### Task goal:
Could you set down exactly the lines of the data below, starting at the one that holds "Beyaz bir yüzeye" and ending at the one that holds "el venizelos cruise", both included, and only those?
+++++
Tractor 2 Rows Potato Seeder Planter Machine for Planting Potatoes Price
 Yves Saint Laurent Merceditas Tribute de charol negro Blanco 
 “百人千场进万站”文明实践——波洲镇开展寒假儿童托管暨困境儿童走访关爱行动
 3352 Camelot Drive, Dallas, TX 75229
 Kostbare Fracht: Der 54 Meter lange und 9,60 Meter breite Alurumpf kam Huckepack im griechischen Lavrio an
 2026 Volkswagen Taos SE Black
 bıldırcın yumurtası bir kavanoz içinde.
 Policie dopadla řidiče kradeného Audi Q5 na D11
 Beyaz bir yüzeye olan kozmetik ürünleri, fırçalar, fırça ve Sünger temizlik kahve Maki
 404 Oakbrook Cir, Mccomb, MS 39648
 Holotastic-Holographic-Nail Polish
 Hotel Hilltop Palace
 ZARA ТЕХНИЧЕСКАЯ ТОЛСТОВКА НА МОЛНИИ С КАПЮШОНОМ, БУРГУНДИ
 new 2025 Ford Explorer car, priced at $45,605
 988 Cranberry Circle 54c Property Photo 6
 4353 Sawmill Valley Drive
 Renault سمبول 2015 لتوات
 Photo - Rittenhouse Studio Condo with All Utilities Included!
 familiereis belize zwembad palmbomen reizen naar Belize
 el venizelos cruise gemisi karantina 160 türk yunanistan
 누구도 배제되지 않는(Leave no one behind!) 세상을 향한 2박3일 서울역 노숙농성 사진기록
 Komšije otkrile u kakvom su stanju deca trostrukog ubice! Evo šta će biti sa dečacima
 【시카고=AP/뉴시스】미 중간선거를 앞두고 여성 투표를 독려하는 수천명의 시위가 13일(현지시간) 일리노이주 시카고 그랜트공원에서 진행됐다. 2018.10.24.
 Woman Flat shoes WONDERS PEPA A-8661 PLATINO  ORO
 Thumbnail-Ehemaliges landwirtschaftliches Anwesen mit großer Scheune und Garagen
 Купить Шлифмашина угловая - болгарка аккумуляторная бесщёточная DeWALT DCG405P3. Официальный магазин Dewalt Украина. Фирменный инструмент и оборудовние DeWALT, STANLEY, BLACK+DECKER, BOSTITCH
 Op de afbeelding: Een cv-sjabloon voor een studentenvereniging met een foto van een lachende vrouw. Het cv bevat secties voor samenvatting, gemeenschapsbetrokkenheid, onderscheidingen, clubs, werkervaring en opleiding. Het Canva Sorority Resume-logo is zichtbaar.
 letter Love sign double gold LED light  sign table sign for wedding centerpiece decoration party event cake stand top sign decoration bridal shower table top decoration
+++++
### Output for this task:
 Beyaz bir yüzeye olan kozmetik ürünleri, fırçalar, fırça ve Sünger temizlik kahve Maki
 404 Oakbrook Cir, Mccomb, MS 39648
 Holotastic-Holographic-Nail Polish
 Hotel Hilltop Palace
 ZARA ТЕХНИЧЕСКАЯ ТОЛСТОВКА НА МОЛНИИ С КАПЮШОНОМ, БУРГУНДИ
 new 2025 Ford Explorer car, priced at $45,605
 988 Cranberry Circle 54c Property Photo 6
 4353 Sawmill Valley Drive
 Renault سمبول 2015 لتوات
 Photo - Rittenhouse Studio Condo with All Utilities Included!
 familiereis belize zwembad palmbomen reizen naar Belize
 el venizelos cruise gemisi karantina 160 türk yunanistan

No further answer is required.